One of Myanmar’s largest private banks has acknowledged a cyberattack on its digital infrastructure, though it maintains that its core financial networks remain secure after an international extortion group claimed a massive data breach.

The hacking group, calling itself LAPSUS$, claimed on June 23 to have stolen more than 120 gigabytes of data from AYA Bank. The group threatened to publish the compromised information on the dark web by July 8 unless a ransom is paid.

In a statement posted to its official Facebook page, AYA Bank admitted that an application portal had been breached, exposing some customer information. However, the bank stated the vulnerability was limited to an older portal and did not compromise its vital financial operations.
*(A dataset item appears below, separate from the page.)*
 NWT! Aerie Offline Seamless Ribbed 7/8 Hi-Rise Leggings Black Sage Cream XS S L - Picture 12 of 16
“The affected portal was not directly connected to our Core Banking System, AYA Pay, or card systems,” the bank said, adding that customers could continue using internet and mobile banking services normally.

The financial institution noted it has since heightened its cybersecurity measures and apologized to its clientele, while insisting that core financial data remains secure. As of June 25, AYA Bank had not publicly addressed the specific size of the data haul claimed by the hackers or the ransom demand.
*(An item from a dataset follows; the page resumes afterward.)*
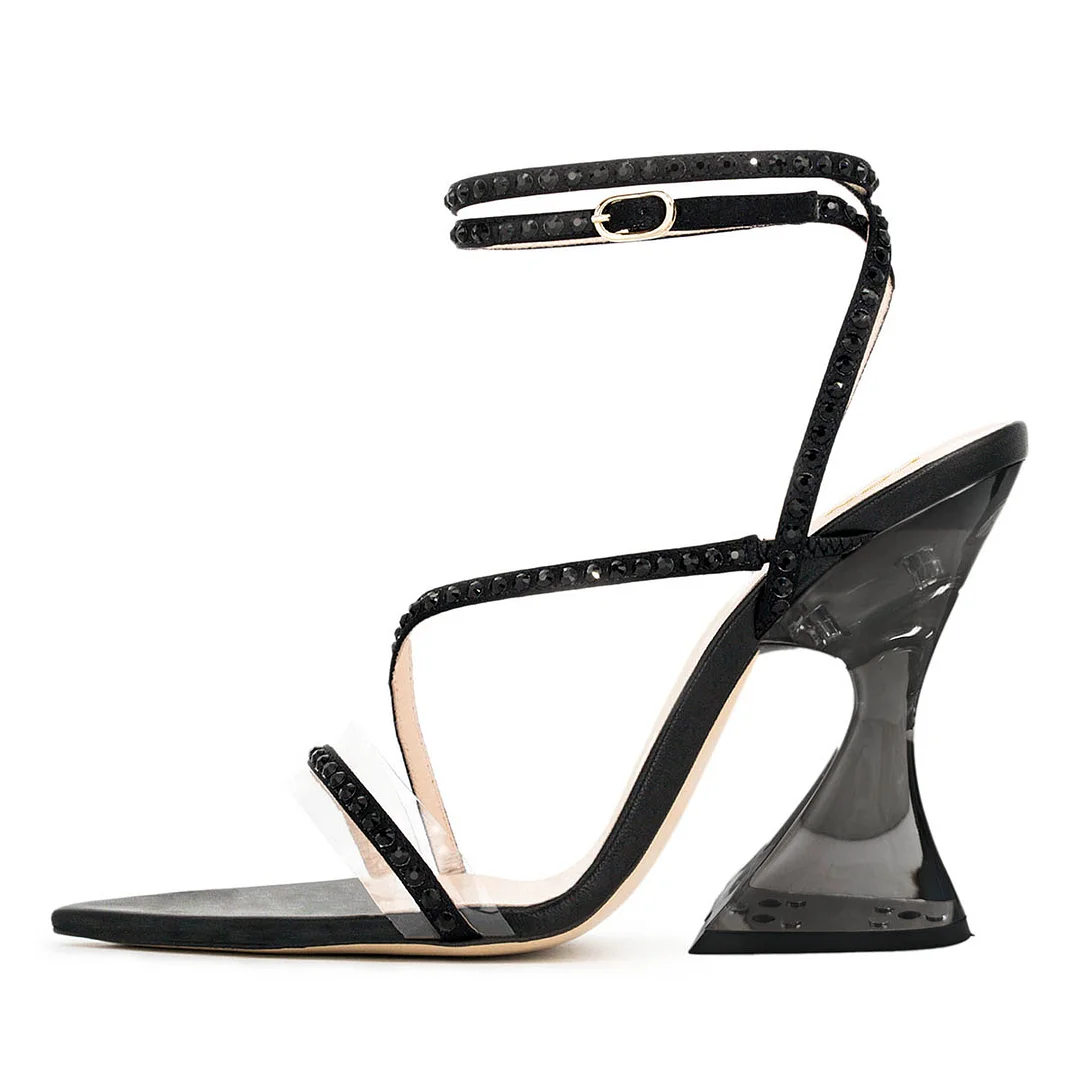 Open Toe Patchwork Studded Ankle Strap Black Heels Sandals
The extortion claim was detected by independent cybersecurity tracking platforms, including Ransomware.live and RedPacket Security, which monitor dark web leak sites. According to postings cataloged by those platforms, LAPSUS$ claims the stolen dataset includes personally identifiable customer information taken directly from the bank’s main platform.

The monitoring platforms noted they had only indexed the hackers’ public assertions and have not independently verified the authenticity or the exact origin of the stolen data.

LAPSUS$ has a history of high-profile cyber-extortion, having previously claimed responsibility for disruptive digital attacks on major global technology firms, including Microsoft, Nvidia, Samsung, and Uber.